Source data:
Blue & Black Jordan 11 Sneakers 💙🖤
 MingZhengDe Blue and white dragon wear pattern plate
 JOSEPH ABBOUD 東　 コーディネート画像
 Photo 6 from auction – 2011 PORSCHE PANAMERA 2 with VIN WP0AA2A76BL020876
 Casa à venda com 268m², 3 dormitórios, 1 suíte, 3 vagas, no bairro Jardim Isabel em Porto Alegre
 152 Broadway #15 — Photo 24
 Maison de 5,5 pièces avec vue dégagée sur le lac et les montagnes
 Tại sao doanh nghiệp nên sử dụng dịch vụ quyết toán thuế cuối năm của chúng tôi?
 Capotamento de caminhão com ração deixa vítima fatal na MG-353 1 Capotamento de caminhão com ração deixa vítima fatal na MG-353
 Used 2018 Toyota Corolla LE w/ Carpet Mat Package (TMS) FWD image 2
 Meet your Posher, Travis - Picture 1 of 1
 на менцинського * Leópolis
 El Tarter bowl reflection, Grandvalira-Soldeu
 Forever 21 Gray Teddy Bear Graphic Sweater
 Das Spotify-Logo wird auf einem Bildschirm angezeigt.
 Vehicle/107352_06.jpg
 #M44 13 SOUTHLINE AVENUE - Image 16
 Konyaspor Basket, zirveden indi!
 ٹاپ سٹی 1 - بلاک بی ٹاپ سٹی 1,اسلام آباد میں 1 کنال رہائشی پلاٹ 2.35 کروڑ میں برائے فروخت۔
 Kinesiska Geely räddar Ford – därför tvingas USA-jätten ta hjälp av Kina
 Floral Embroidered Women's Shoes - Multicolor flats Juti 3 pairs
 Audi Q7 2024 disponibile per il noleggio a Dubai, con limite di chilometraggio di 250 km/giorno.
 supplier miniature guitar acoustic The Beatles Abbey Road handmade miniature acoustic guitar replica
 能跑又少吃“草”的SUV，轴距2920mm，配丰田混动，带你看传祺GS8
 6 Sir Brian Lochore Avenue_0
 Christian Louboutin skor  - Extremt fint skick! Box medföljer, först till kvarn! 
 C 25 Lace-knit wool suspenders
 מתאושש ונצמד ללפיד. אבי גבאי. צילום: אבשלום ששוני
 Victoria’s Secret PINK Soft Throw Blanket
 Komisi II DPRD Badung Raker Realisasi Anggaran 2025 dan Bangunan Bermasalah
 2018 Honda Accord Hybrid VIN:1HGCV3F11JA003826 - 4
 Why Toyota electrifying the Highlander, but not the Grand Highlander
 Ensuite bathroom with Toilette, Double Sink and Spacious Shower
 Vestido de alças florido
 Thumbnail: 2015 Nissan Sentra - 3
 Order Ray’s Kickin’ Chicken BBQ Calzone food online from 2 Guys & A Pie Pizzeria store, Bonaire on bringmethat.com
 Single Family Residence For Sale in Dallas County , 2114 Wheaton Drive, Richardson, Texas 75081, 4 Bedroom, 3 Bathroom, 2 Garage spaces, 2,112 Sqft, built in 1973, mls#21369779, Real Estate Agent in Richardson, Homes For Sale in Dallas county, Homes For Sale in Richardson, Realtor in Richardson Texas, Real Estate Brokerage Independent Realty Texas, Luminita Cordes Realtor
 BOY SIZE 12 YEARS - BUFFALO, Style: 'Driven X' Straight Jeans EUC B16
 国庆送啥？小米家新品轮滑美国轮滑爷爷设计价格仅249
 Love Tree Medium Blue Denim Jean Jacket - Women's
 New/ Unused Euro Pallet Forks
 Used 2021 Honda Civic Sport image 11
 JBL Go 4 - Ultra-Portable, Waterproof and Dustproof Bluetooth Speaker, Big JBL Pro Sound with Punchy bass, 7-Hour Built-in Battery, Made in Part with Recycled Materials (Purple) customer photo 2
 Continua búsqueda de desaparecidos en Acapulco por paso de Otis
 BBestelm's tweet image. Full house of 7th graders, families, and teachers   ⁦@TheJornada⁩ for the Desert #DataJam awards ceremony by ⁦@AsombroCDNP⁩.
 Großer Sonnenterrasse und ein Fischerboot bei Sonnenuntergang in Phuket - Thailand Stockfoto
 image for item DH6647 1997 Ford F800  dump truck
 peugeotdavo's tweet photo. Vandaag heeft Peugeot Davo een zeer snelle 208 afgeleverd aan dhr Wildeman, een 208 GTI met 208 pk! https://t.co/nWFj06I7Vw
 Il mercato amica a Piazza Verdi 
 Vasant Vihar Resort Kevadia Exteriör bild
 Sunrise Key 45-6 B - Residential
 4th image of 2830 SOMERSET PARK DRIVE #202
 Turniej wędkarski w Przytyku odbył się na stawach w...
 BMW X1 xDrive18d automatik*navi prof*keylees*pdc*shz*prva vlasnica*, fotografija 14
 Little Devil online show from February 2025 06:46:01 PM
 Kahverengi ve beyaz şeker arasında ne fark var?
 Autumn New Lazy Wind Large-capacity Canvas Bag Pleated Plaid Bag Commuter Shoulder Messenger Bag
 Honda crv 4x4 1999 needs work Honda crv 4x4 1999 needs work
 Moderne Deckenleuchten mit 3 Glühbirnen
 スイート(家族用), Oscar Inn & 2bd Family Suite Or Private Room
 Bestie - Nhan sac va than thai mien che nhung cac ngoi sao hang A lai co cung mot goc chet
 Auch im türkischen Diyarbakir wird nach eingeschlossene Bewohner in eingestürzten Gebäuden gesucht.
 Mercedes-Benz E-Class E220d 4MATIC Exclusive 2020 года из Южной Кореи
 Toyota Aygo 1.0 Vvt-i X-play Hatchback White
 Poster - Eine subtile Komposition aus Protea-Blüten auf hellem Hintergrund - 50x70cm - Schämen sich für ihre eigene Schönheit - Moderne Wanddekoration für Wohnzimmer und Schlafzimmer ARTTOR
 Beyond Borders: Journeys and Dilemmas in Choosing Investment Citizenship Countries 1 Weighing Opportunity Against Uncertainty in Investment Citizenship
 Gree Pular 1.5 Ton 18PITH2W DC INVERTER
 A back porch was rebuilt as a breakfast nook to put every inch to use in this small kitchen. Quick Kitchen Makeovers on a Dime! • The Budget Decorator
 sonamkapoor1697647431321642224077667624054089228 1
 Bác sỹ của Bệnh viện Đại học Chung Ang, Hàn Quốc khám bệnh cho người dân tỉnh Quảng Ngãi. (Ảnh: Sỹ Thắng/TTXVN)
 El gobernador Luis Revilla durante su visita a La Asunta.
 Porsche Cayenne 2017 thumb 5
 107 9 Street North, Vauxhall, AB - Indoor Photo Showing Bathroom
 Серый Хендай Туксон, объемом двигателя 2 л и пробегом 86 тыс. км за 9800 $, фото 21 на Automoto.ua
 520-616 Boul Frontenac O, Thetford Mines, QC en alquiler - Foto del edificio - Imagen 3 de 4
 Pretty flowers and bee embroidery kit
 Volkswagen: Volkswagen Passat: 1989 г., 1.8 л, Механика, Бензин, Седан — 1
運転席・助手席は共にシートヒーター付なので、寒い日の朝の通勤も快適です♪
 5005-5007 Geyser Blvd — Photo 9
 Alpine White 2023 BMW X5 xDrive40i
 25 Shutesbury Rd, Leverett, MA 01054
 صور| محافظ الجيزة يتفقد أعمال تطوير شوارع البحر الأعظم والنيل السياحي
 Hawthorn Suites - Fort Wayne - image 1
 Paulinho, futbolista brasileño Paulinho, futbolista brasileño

▸ EXERCISE BRIEF
Whenever the string "Honda" occurs in a line of the entries above, copy that line.

▸ RESULT
 2018 Honda Accord Hybrid VIN:1HGCV3F11JA003826 - 4
 Used 2021 Honda Civic Sport image 11
 Honda crv 4x4 1999 needs work Honda crv 4x4 1999 needs work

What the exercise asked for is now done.